Il reato di maltrattamenti in famiglia sussiste anche nell'ambito delle coppie di fatto: presupposto del reato non è il matrimonio nè la convivenza, ma una stabile relazione sentimentale tra il reo e la vittima.
La Corte di Cassazione, con sentenza n. 24668/2010, ha stabilito che il reato di maltrattamenti in famiglia sussiste a prescindere dalla convivenza o dalla coabitazione.
Per la configurabilità del reato in questione, infatti, è " sufficiente che intercorrano relazioni abituali tra il soggetto passivo e quello attivo ".

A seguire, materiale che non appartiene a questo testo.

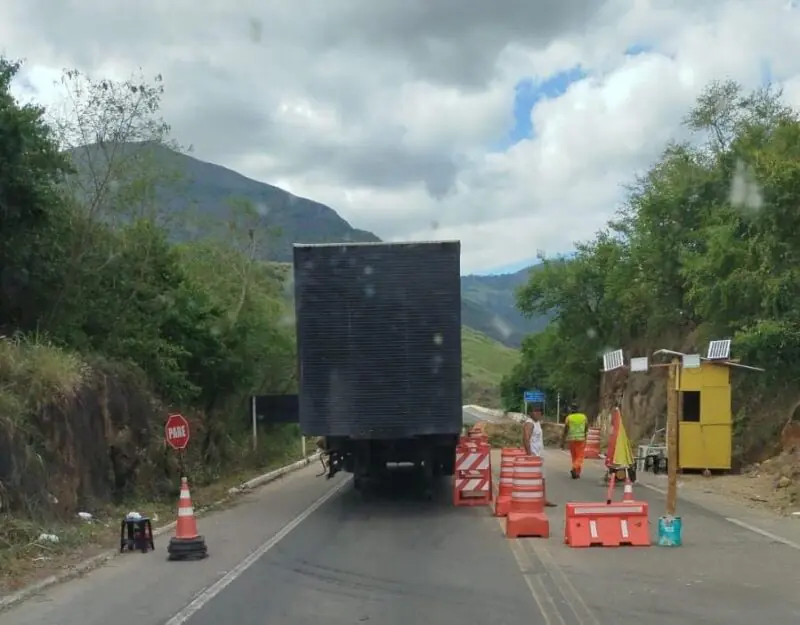 Caminhoneiro abandona baú na pista após ser impedido de passar pela Ponte Fontenelle, na BR-259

Ciò in quanto l'articolo 572 del Codice penale, dice la Corte, tutela le persone della famiglia " ove per famiglia non si intende soltanto un consorzio di persone avvinte da vincoli di parentela naturale o civile, ma anche una unione di persone tra le quali, per intime relazioni e consuetudini di vita, siano sorti legami di reciproca assistenza e protezione e di solidarietà ".
La giurisprudenza di legittimità, per altro, ha da tempo chiarito che il delitto di maltrattamenti in famiglia è ravvisabile anche per la cosiddetta 'famiglia di fatto', ovvero quando in un consorzio di persone si sia realizzato, per strette relazioni e consuetudini di vita, un regime di vita improntato a rapporti di umana solidarieta ed a strette relazioni, dovute a diversi motivi, anche assistenziali (Cassazione, sentenza n. 8953/1997).
Si è anche precisato che non è necessaria la convivenza.
In proposito sempre la Cassazione ha affermato con la sentenza n. 49109/2003 che il reato sussiste anche quando la convivenza sia cessata a seguito di separazione legale o di fatto.